If you’re a business owner, can you think of anything worse than a catastrophe that harms your business?  But you’re OK because you have property insurance, right?  How about discovering that the insurance company doesn’t think you insured your property for enough, so penalizes you by naming you a “coinsurer” on your claim?  But, you explain, you have adequate limits to cover the loss.  “Too bad, so sad,” says the company.  You have a clause in your policy called coinsurance.  Suddenly, bad has gone to worse, has gone to tragic.  What happened?

Your claim doesn’t have to be of titanic size for you to be burned by coinsurance.  Coinsurance can apply to losses of any amount.  It’s actually as simple as 3rd grade math.  Here’s how it works:

You own a building valued at $300,000 and have contents valued at $100,000.  You have an 80% coinsurance clause on your policy.  A fire damages your building to the tune of $150,000 and your contents at $50,000.  Let’s forget the deductible for now and see how your policy responds.

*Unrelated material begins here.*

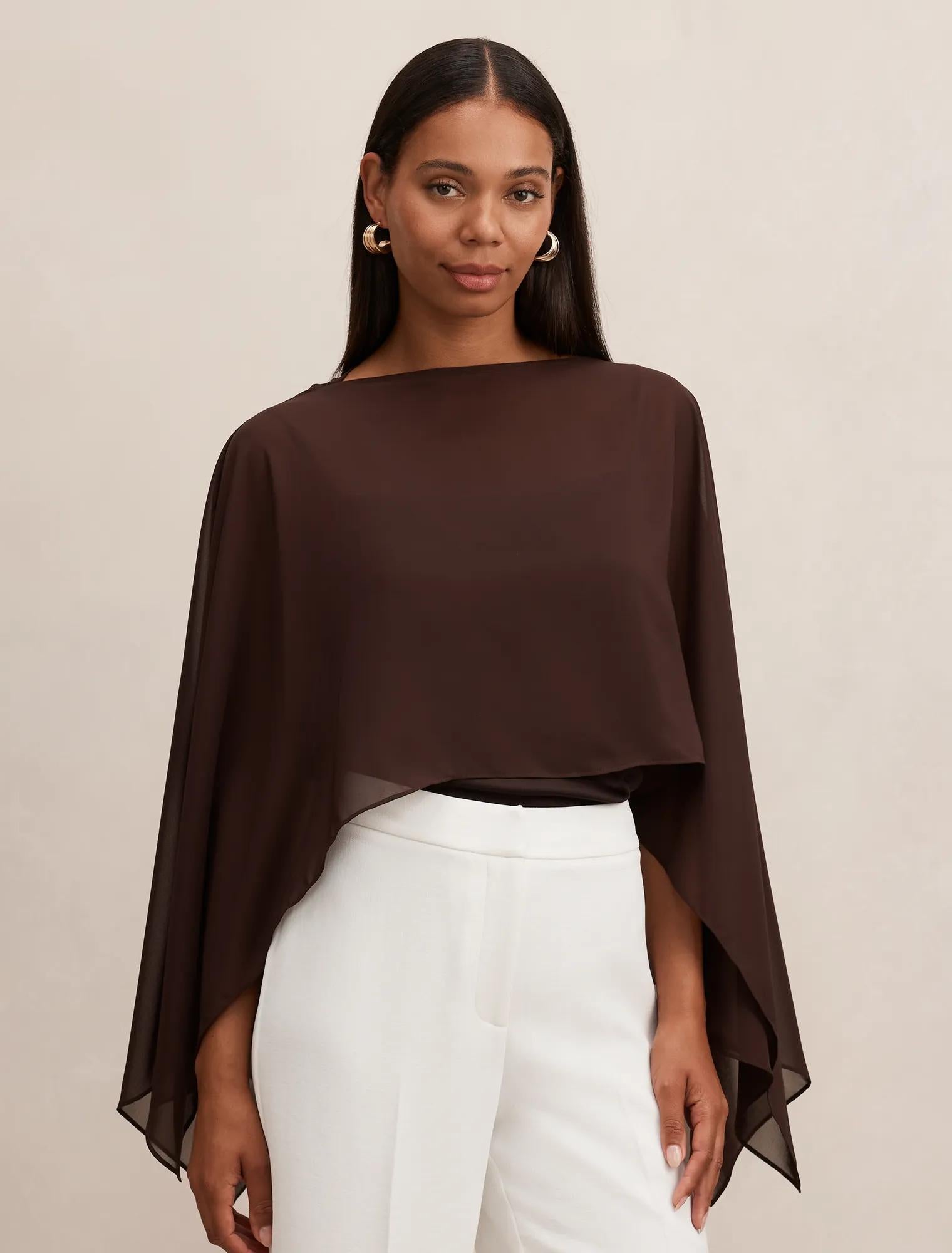 Arianna Chiffon Cape Chocolate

The insurance adjuster comes out and informs you that in reality, your building’s replacement cost is $425,000 and the replacement cost of your contents is $250,000.  How does this happen?  It’s not too difficult when your agent hasn’t stopped in for awhile and, in the meantime, you’ve renovated your building, added to your equipment, and increased inventory because business has been good.  While you were growing your enterprise, your policy just kept on renewing without any changes.

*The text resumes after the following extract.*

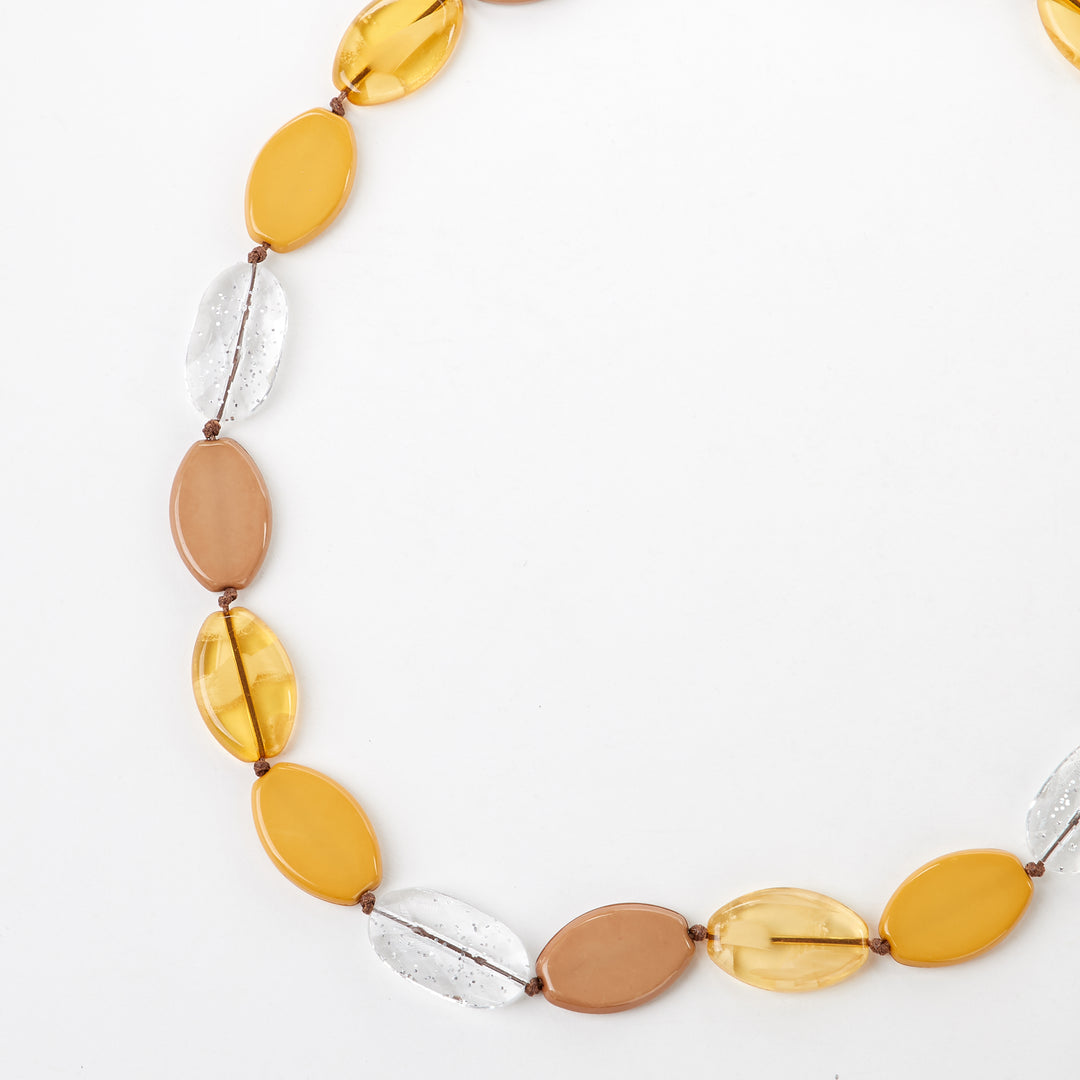 Golden Amber Acrylic Bead Necklace 2 colors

Back to the claim – The adjuster has bad news.  Because your coinsurance is listed at 80%, you were required to carry at least 80% of the actual value of your property at the time of the loss or else be penalized.  Here’s where the math comes in:

You insured your building for $300,000, but you should have insured it for $340,000 (80% of $425,000) according to the terms of your policy.  The adjuster will take what you did buy ($300K), divide it by what you should have bought ($340K), and multiply that number (which is less than 1) by the loss ($150K).  When you do the math, that comes out to roughly $132,000.  All of a sudden, you are responsible for $18,000 of your loss on the building.  Now, the contents.  The contents were insured for $100,000 but should have been insured for $200,000 (80% of $250,000).  Using the same formula, we divide $100K by $200K and multiply that number by $50K.  After the numbers are crunched, it turns out that the company will pay about $25,000, or half the total loss on contents.  Overall, you are left to be a “coinsurer” for $43,000 of your total $200,000 loss – a loss that you thought your policy limits were high enough to cover!

Think it doesn’t happen?  Think again.  Coinsurance penalties have been the misery of many a loss.  Imagine if the damage were more extensive or the underinsured amount were even greater.

Remember, coinsurance is never a good thing for you, the policyholder.  It benefits only the company.  Some policies and nearly all businessowner policies remove coinsurance, but the majority of conventional property policies don’t.  Make sure you understand how your policy responds to a coinsurance clause.  What replacement value and coinsurance percentage does your property insurance show?  Are they correct?  Don’t wait for a disaster to find out.